[Image-caption web data]
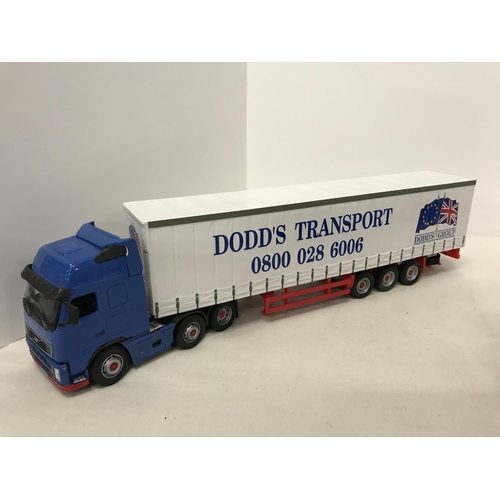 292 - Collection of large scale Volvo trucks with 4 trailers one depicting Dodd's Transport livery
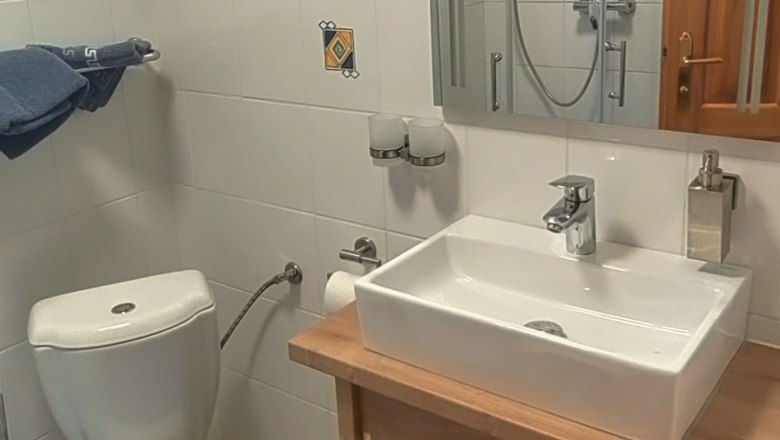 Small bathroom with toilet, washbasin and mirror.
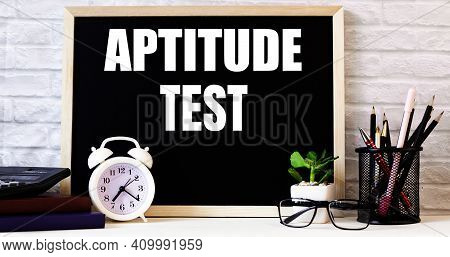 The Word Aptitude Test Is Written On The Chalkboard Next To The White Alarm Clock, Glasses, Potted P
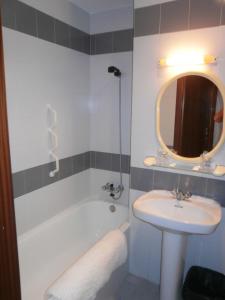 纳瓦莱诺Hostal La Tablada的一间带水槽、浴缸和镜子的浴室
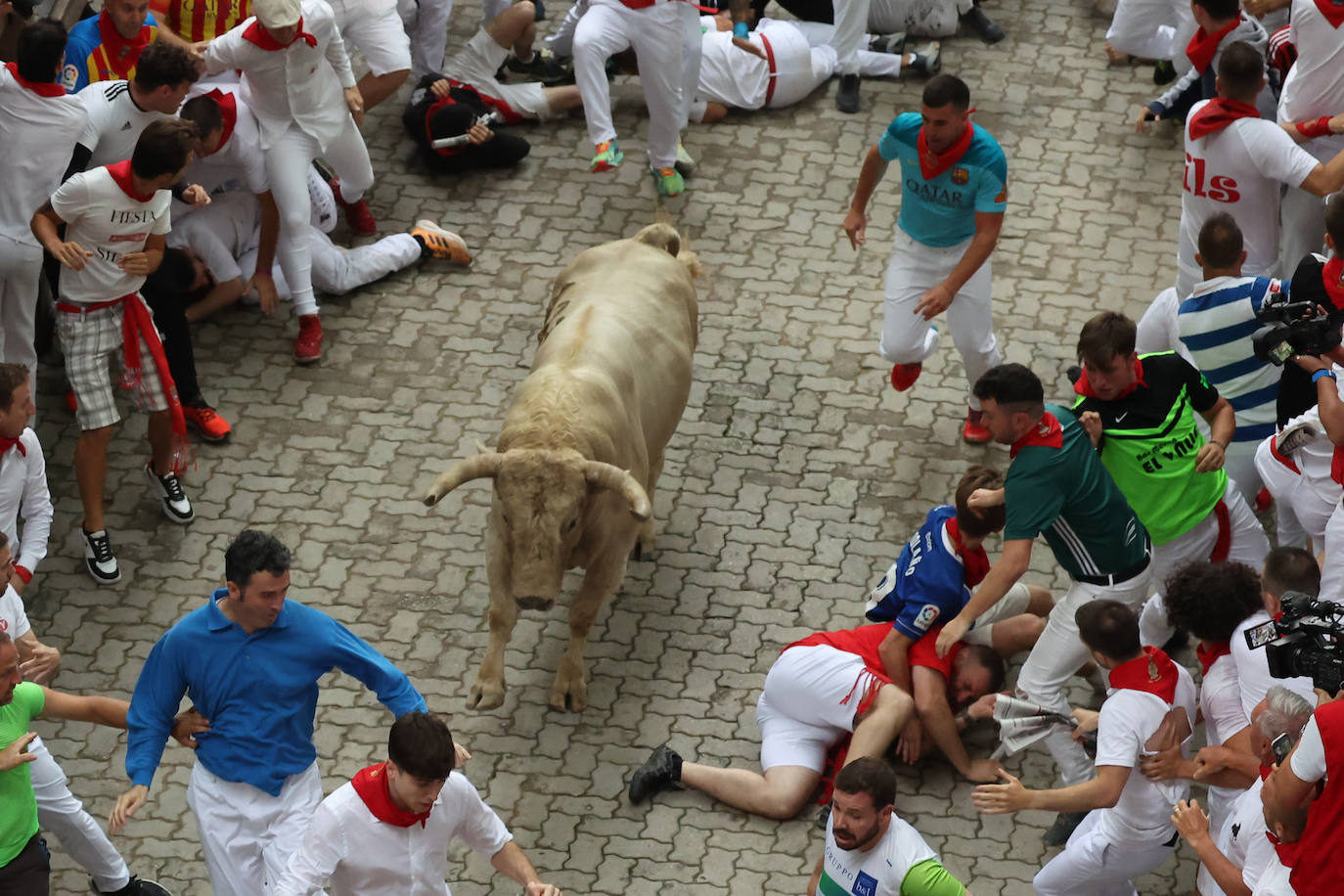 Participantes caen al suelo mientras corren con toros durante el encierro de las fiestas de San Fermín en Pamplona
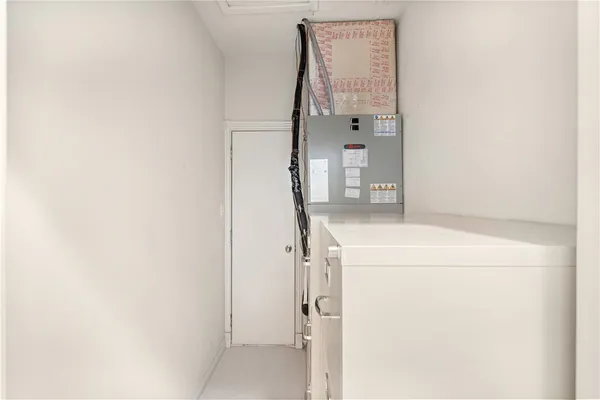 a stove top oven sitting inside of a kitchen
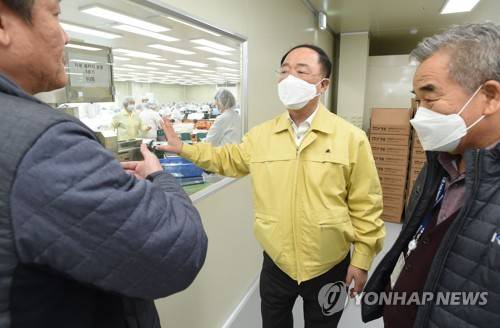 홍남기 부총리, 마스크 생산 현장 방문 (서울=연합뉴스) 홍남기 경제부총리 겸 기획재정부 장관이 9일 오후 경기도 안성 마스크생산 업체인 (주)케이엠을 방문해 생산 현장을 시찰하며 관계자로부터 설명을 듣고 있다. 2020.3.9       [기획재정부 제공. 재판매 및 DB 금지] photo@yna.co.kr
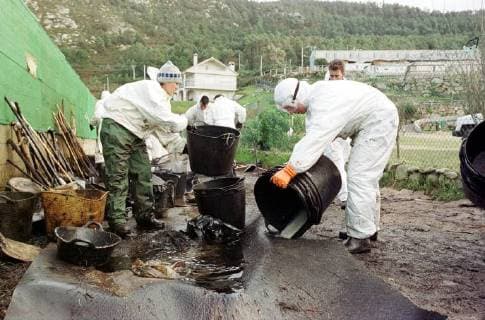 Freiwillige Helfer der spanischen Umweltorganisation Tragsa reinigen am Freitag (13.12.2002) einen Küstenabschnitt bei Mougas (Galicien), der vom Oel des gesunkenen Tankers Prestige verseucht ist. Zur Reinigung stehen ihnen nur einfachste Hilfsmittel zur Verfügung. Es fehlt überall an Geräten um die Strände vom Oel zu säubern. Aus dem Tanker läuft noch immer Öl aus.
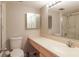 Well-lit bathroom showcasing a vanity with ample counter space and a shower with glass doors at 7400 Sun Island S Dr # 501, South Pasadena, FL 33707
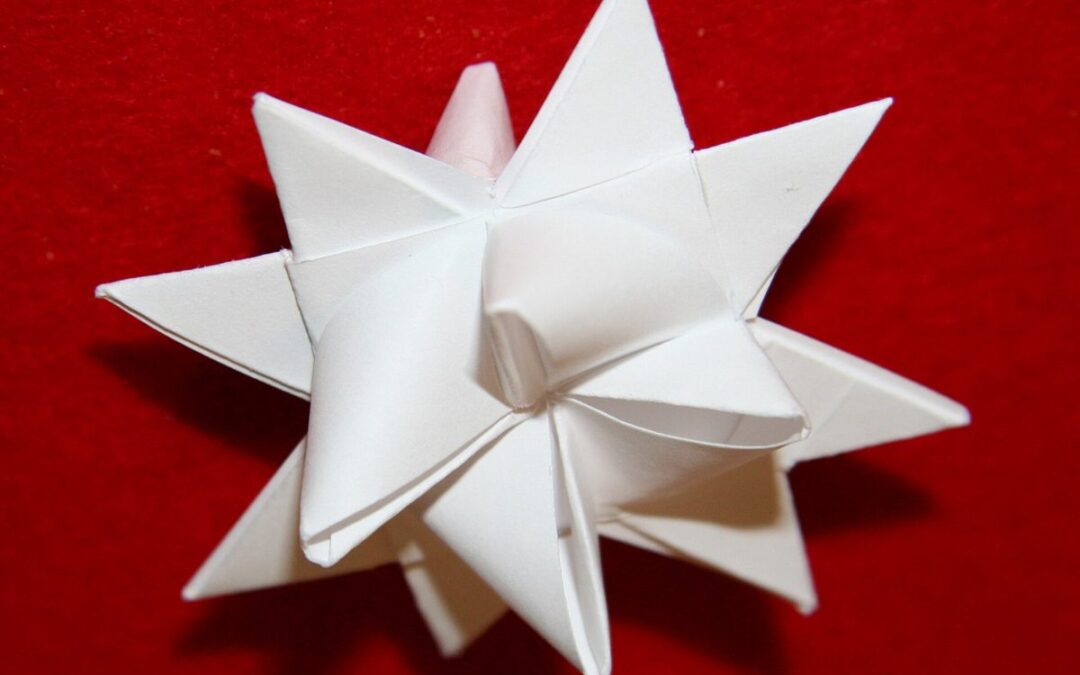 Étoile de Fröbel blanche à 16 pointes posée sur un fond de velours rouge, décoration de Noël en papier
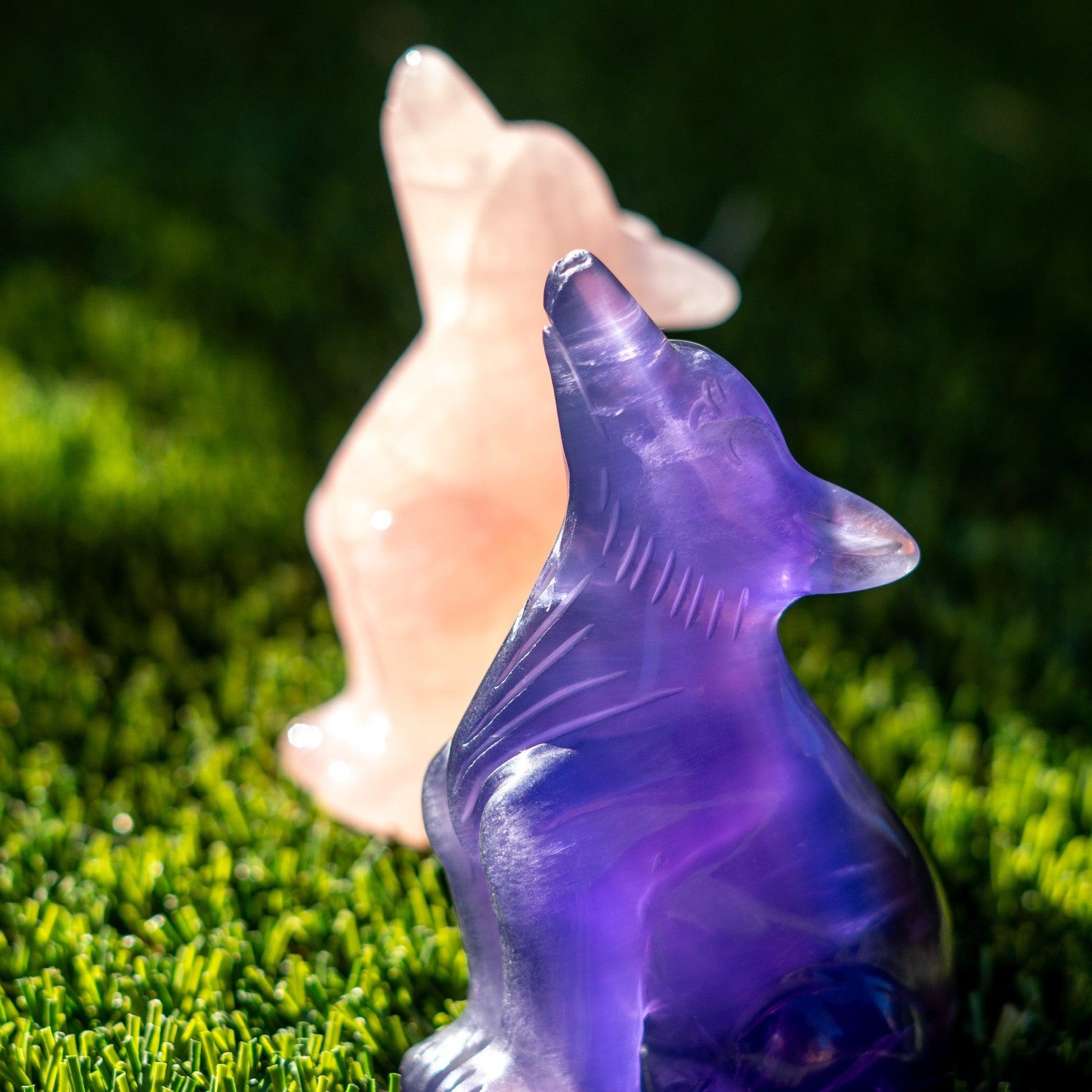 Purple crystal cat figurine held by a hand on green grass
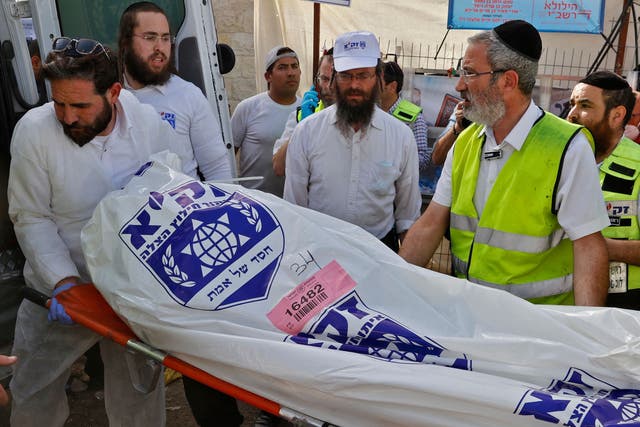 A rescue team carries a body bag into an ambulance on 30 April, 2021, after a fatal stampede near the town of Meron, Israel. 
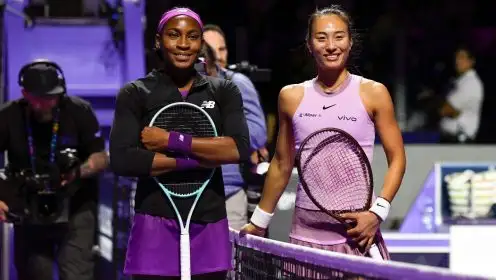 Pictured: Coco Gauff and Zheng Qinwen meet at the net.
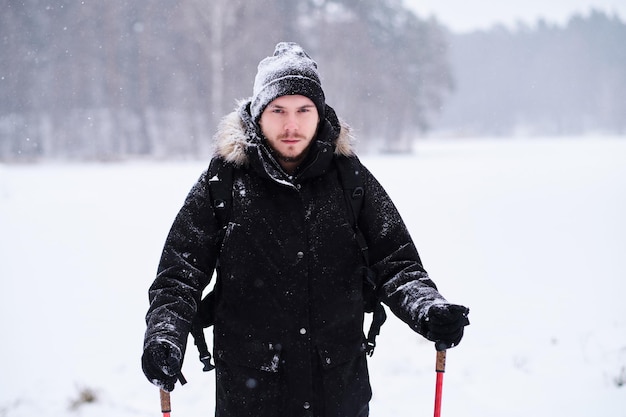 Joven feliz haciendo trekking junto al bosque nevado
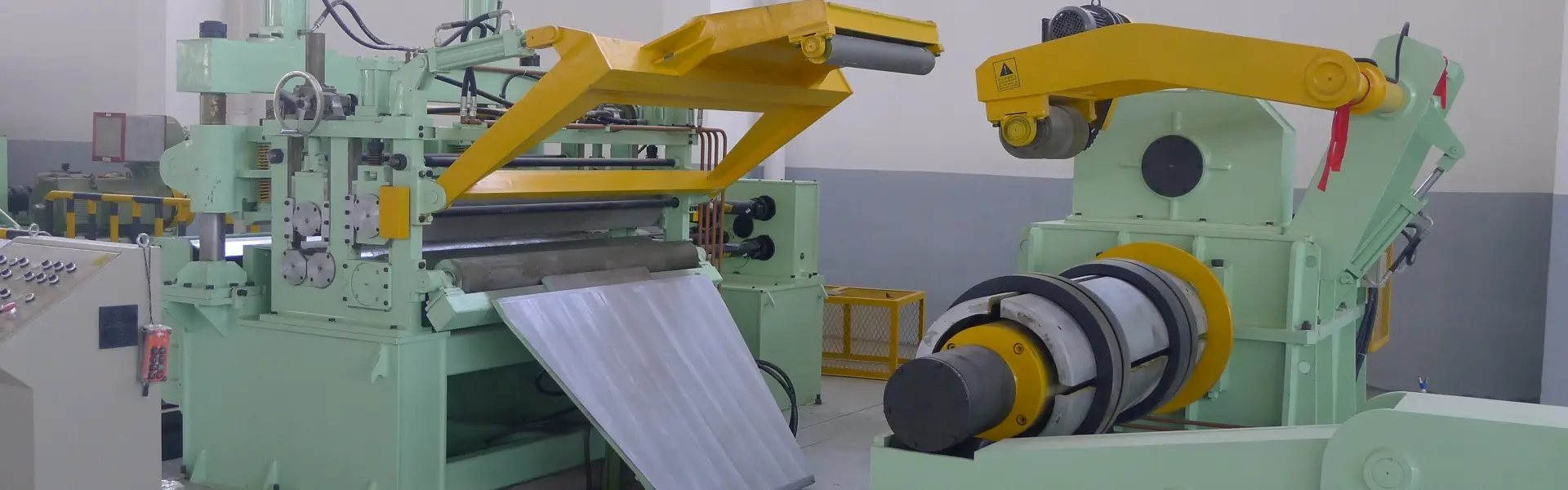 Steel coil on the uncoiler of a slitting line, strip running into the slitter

EXERCISE OBJECTIVE:
Print out every record above exactly as given. Do not include the pictures.

ANSWER TO THIS PROBLEM:
 292 - Collection of large scale Volvo trucks with 4 trailers one depicting Dodd's Transport livery
 Small bathroom with toilet, washbasin and mirror.
 The Word Aptitude Test Is Written On The Chalkboard Next To The White Alarm Clock, Glasses, Potted P
 纳瓦莱诺Hostal La Tablada的一间带水槽、浴缸和镜子的浴室
 Participantes caen al suelo mientras corren con toros durante el encierro de las fiestas de San Fermín en Pamplona
 a stove top oven sitting inside of a kitchen
 홍남기 부총리, 마스크 생산 현장 방문 (서울=연합뉴스) 홍남기 경제부총리 겸 기획재정부 장관이 9일 오후 경기도 안성 마스크생산 업체인 (주)케이엠을 방문해 생산 현장을 시찰하며 관계자로부터 설명을 듣고 있다. 2020.3.9       [기획재정부 제공. 재판매 및 DB 금지] photo@yna.co.kr
 Freiwillige Helfer der spanischen Umweltorganisation Tragsa reinigen am Freitag (13.12.2002) einen Küstenabschnitt bei Mougas (Galicien), der vom Oel des gesunkenen Tankers Prestige verseucht ist. Zur Reinigung stehen ihnen nur einfachste Hilfsmittel zur Verfügung. Es fehlt überall an Geräten um die Strände vom Oel zu säubern. Aus dem Tanker läuft noch immer Öl aus.
 Well-lit bathroom showcasing a vanity with ample counter space and a shower with glass doors at 7400 Sun Island S Dr # 501, South Pasadena, FL 33707
 Étoile de Fröbel blanche à 16 pointes posée sur un fond de velours rouge, décoration de Noël en papier
 Purple crystal cat figurine held by a hand on green grass
 A rescue team carries a body bag into an ambulance on 30 April, 2021, after a fatal stampede near the town of Meron, Israel. 
 Pictured: Coco Gauff and Zheng Qinwen meet at the net.
 Joven feliz haciendo trekking junto al bosque nevado
 Steel coil on the uncoiler of a slitting line, strip running into the slitter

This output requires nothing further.